W połowie 2019 roku Samuel Eto’o podjął decyzję o przejściu na piłkarską emeryturę. Jego ostatnim klubem był Qatar SC. W przeszłości występował on także w barwach Realu Madryt, Interu Mediolan, FC Barcelony, Espanyolu, Chelsea, Evertonu, Sampdorii czy Konyasporu.

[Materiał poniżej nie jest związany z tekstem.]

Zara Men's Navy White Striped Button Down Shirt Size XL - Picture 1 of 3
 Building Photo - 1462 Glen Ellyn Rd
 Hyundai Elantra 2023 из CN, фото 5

Dalsza część tekstu pod wideo
Kilka miesięcy temu o 42-latku zrobiło się głośno z innego powodu. Sąd w Sevilli uznał, że były piłkarz jest ojcem 22-letniej Eriki do Rosario Nieves. Kobiecie przyznano świadczenie w postaci alimentów o wartości 1400 euro miesięcznie. Jakiś czas temu Eto’o przegrał kolejną sprawę w sądzie.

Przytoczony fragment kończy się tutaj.